What you should do: Return all the entries exactly, keeping pictures out.

Provided material:
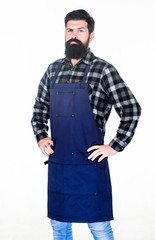 Serving at a hairdressers. Barber isolated on white. Bearded man wearing barber apron. Hipster in work apron with multiple pockets. Hair stylist in barber shop. Barbershop or hairdressing salon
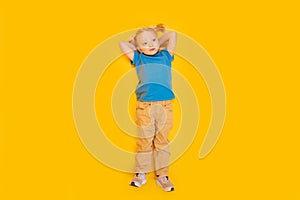 Little girl with two ponytails wears blue T-shirt and yellow pants. Child lying on bright yellow background. Top view
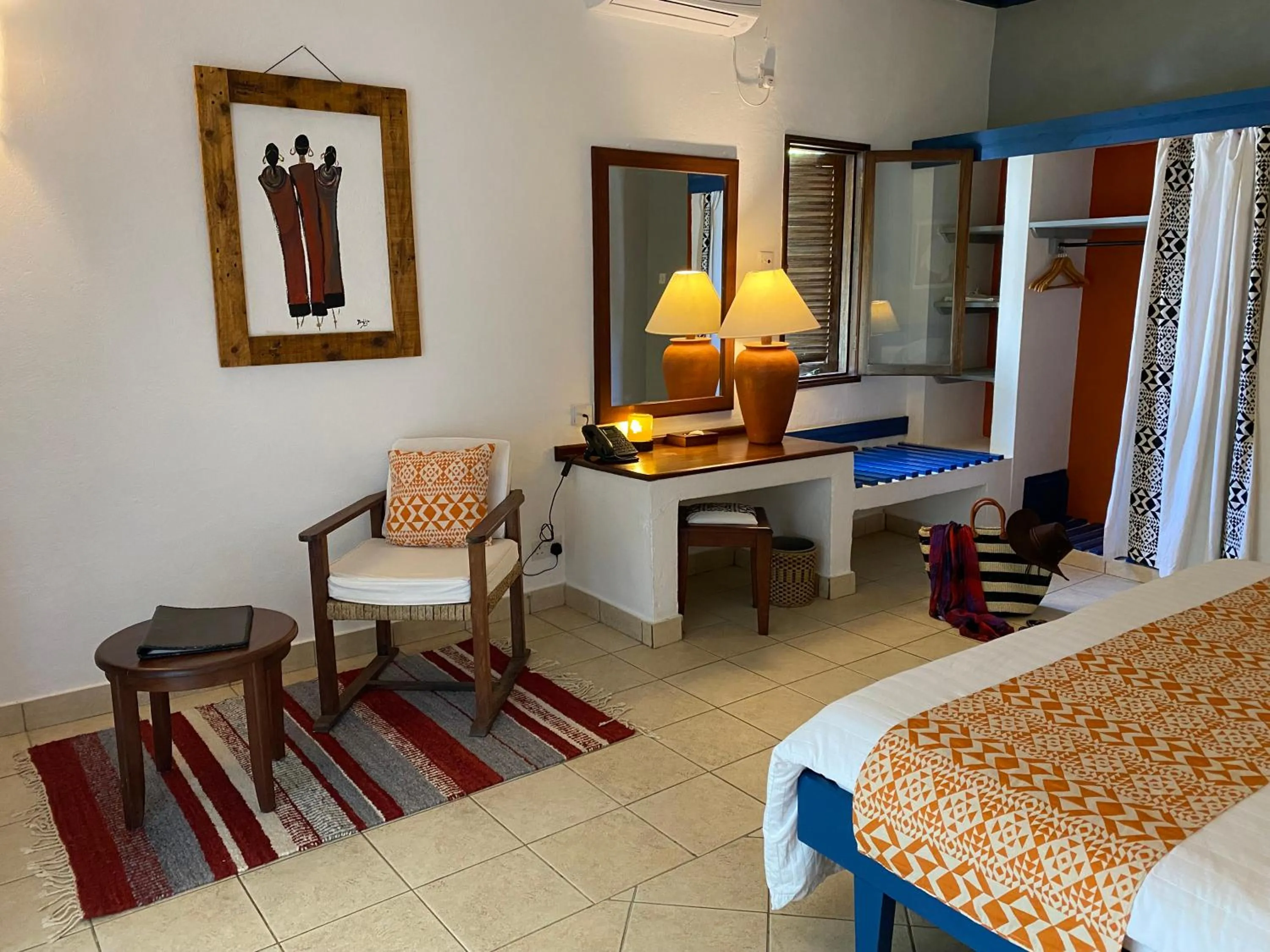 Seating area, Bed in Pinewood Beach Resort and Spa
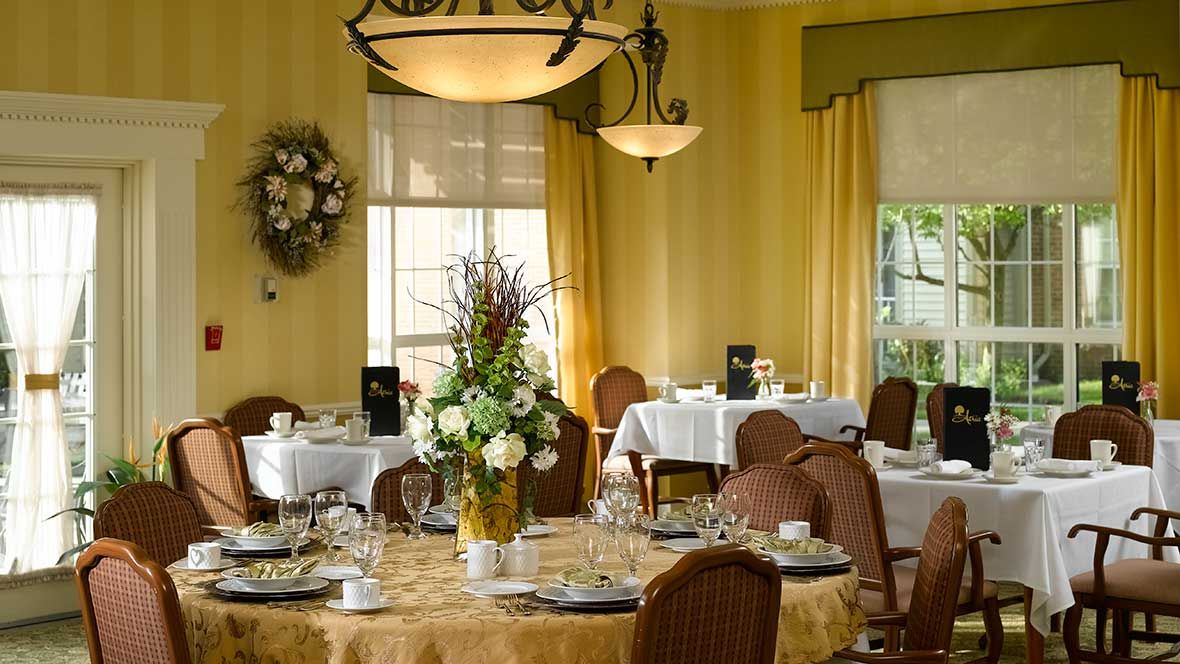An elegantly decorated restaurant dining room with set tables and floral arrangements.
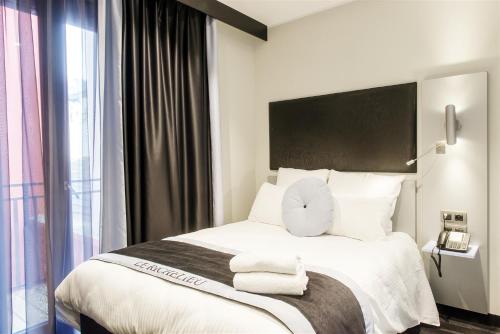 Katil atau katil-katil dalam bilik di Hôtel Boutique Richelieu, Lyon Gare Part-Dieu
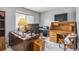 A quaint home office space with vintage wooden desk and drawers, and a window providing natural light at 12551 W 84Th Cir, Arvada, CO 80005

Response below:
 Serving at a hairdressers. Barber isolated on white. Bearded man wearing barber apron. Hipster in work apron with multiple pockets. Hair stylist in barber shop. Barbershop or hairdressing salon
 Little girl with two ponytails wears blue T-shirt and yellow pants. Child lying on bright yellow background. Top view
 Seating area, Bed in Pinewood Beach Resort and Spa
An elegantly decorated restaurant dining room with set tables and floral arrangements.
 Katil atau katil-katil dalam bilik di Hôtel Boutique Richelieu, Lyon Gare Part-Dieu
 A quaint home office space with vintage wooden desk and drawers, and a window providing natural light at 12551 W 84Th Cir, Arvada, CO 80005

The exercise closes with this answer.